1 de setembro de 2014

Aniversário

Meu avô fez aniversário outro dia, 96 anos. Está lúcido ainda, mas percebo um pouco de desânimo, com o olhar perdido fala constantemente sobre a morte, ele discorre sobre ela com certo cansaço, como quem fica procurando e nunca encontra.

Ele gosta de ficar sentado em sua cadeira, as mãos trêmulas desistiram dos trabalhos minuciosos e hoje repousam sobre o seu colo. A televisão ligada é desinteressante, ouve minha conversa de recém-casada sem muito entusiasmo, mas ainda assim dá um sorriso tímido, como se fosse apenas por mera delicadeza e generosidade de sua parte. As minhas visitas sempre foram diárias e a cada vez que eu cruzo a porta, puxo conversa e faço carinho. Ultimamente ele me responde monossilabicamente. É frustrante, confesso.

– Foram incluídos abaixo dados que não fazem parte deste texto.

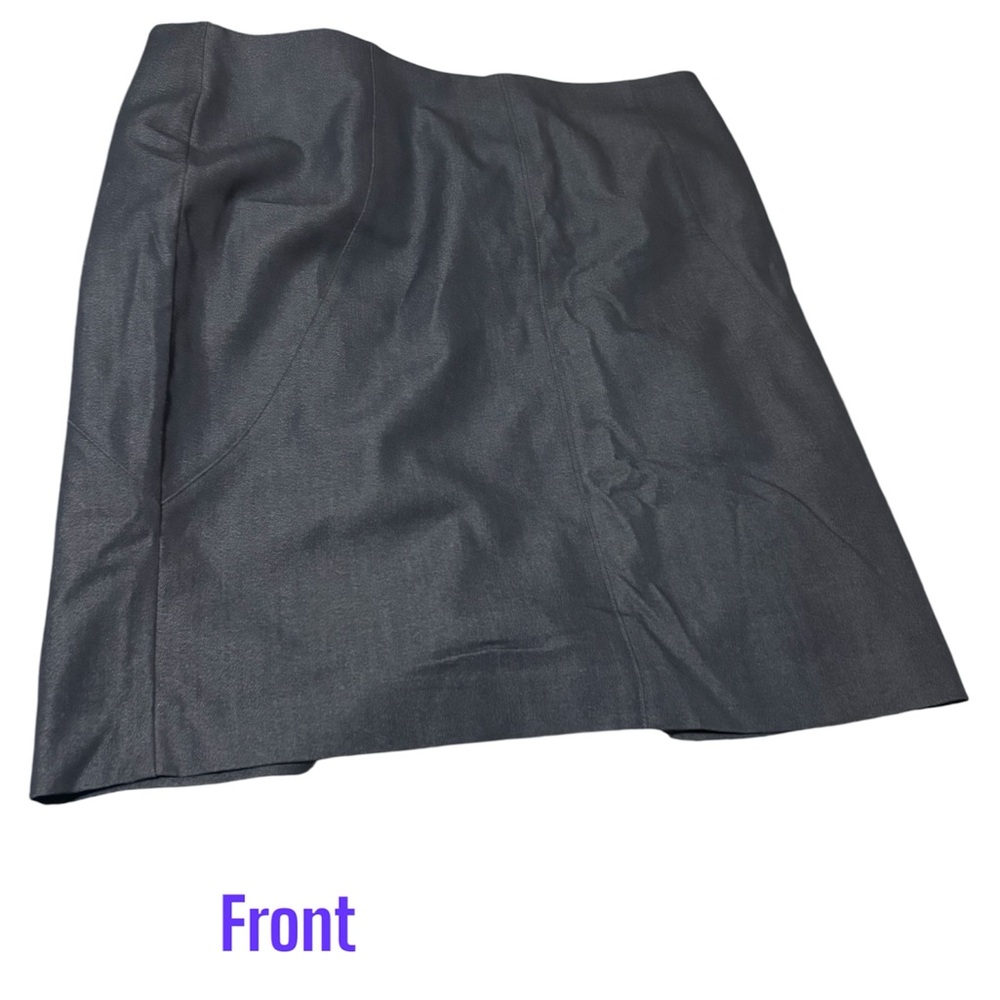 Dana Buchman Gray A-Line Knee-Length Skirt for Work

No dia em que mudou de ano, não foi diferente. Estava perfumado com a doce fragrância de leite de colônia, os seus cabelos muitos alvos e bem finos compunham a idade avançada, junto com a calvície. O que me incomodava era o seu olhar desbotado, era de quem clama socorro, sem brilho, sem vida.

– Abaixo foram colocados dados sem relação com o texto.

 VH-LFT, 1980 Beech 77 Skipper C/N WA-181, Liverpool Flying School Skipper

O presente ofertado mal foi desenrolado da embalagem, escolhi com tanto cuidado, ele apenas encostou no canto da mesa.

Ao vê-lo neste 25 de Abril, pensei instantaneamente no avô do meu tempo de menina, quando ele ainda era mais forte e enxergava com os dois olhos. Naquela época, ele adorava contar histórias – histórias mal assombradas. Nos dias de chuva, vento forte com raios e relâmpagos, ele contava do tempo na roça, do raio na árvore, dos animais que estavam abrigados e morreram e da barcaça que passou por cima da sede por conta do vento. Eu sempre chorava quando ele ia tomar banho nos dias que Iansã guerreava no céu. Tinha medo de um raio acertar a antena que ficava bem em cima do banheiro.

E agora, anos depois, eu continuo sendo a única neta que ouviu todas as ‘contações’, e ele me olhando com o seu quase sorriso, tão quieto. Eu ainda bagunço o seu cabelo, aperto os seus dedos, e quando sento na cadeira ao lado, nada sei dizer. Mas sempre acabo dizendo, digo sobre o amor, o nosso, e só assim o olho que enxerga sorrir pra mim, o outro continua sem reação.

Itabuna, 28 de Abril de um ano qualquer.



PS: Escrevi esse texto pouco antes da morte de meu avô, e escreveria hoje novamente, com todo o afeto que existe em mim.